A specific area that is oriented towards the analysis of the human decision-making process is still actively researched [11,12]. Methods based on artificial intelligence are mainly used, which are also widely discussed in various scientific studies [13]. Through these methods, various processes are modeled [14,15], various experimental results are analyzed [16], and various essential characteristics of the participating subjects are investigated [17]. Many aspects of these methods, which are related to specific decision-making tasks based on visual stimuli, but which have only two possible responses, are also discussed in various scientific publications [18,19]. The goal is to study and analyze specific processes accompanying the decision-making process itself in humans [20,21]. Multiple approaches are also explored to determine the influence of decision time on decision accuracy in specifically used visual tasks (visual stimuli) [22,23]. Numerous approaches using neural networks have been developed for this purpose [24,25]. Through them, the generated experimental data are processed, after conducting the relevant sessions with the participants [26], after which the decision-making processes are analyzed [27,28]. All these studies discuss the importance of the data processing methods. Specific data models and technologies are used to access them, such as relational databases and web services, object-relational, and object-oriented [4]. In addition, various technologies and software methods have been used to access these data [29,30], as well as SQL servers for databases and web services [8].

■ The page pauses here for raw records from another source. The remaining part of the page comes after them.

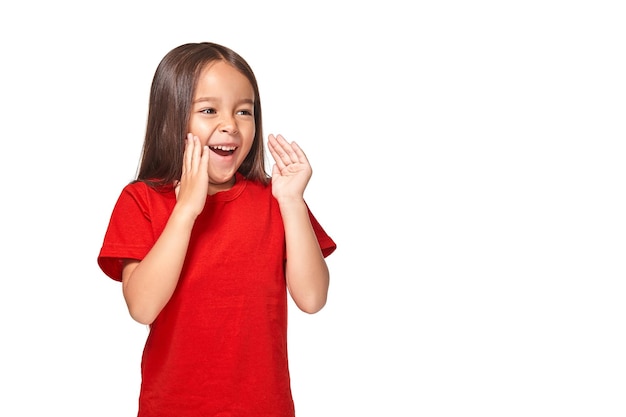 赤いTシャツで怖がって興奮している小さな驚きの女の子の肖像画。白い背景に分離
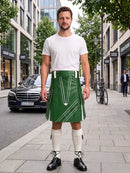 A man stands on a city sidewalk wearing a green kilt with white geometric stripe details, a white t-shirt, white knee-high socks, and black leather shoes. The background shows a blurred street scene with buildings, a black Mercedes-Benz car, and a bicycle.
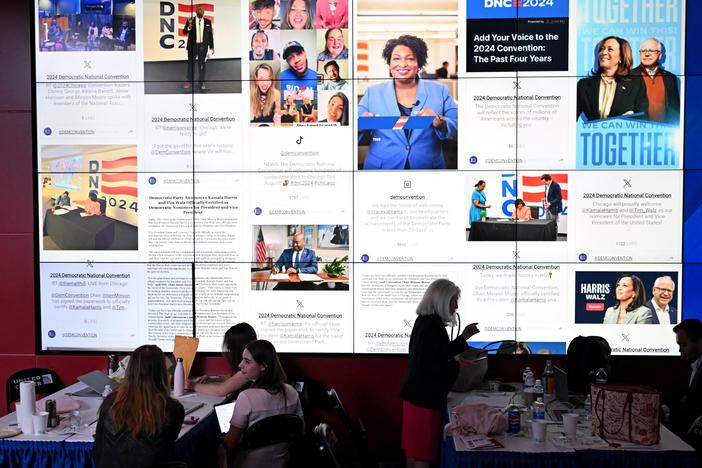 People sit next to a content creators wall on the third day of the Democratic National Convention at the United Center in Chicago in August.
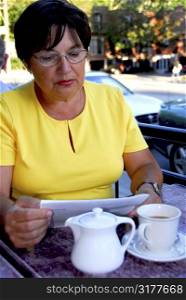 Mature woman reading papers in outdoor cafe looking concerned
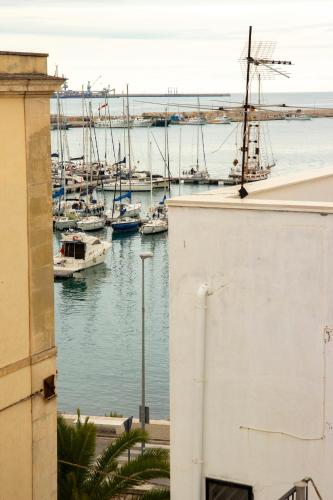 a view of a harbor with boats in the water at Palazzo Donnamaria in Manfredonia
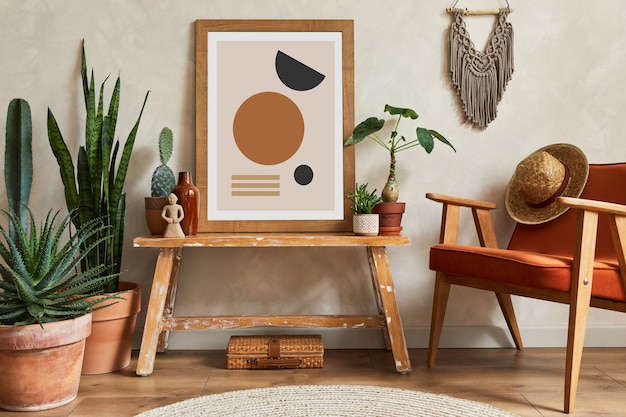 Creative composition of stylish living room interior with mock up poster frame, armchair, cacti and personal and boho accessories. Plant love and nature concept. Template.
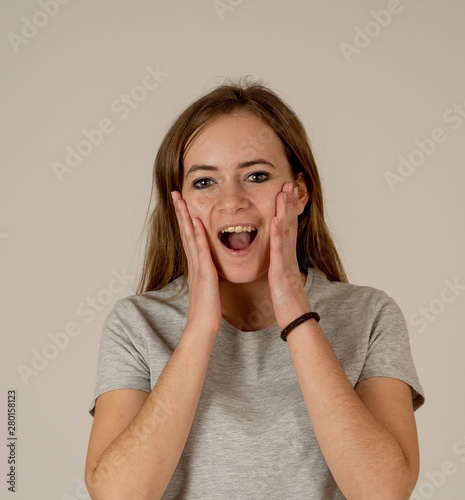 Close up portrait of surprised and happy teenager girl. In facial expressions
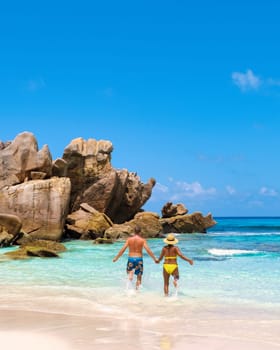 Anse Cocos beach La Digue Island, Seychelles, diverse mixed multiracial multiethnic couple Caucasian men and Asian woman walking at the beach during sunset at a luxury vacation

Various aspects and results of a specific study related to decision-making when visualizing visual tasks (stimuli) are presented in detail in [9,13,31]. This research is oriented towards behavioral experiments and was conducted with real participants. The visual task stimuli are visualized on a computer display. The goal is that the participant should determine the direction of movement of the stimulus dots, left or right, respectively, by very quickly moving the gaze in the corresponding direction from the center of the computer display. This center is designated as the primary position in which the participant’s gaze should be fixed at the beginning of the experimental session. The gaze shift should be to the left or to the right end zone of the computer display on which the corresponding stimulus is displayed, respectively. At this point, the participant can press a mouse button to instruct the visualization software to display the next stimulus in the series of generated visual stimuli. The purpose of this experiment is to summarize and analyze the data related to the human perception and the movement of the human eyes when visualizing, analyzing, and solving visual tasks such as visual stimuli.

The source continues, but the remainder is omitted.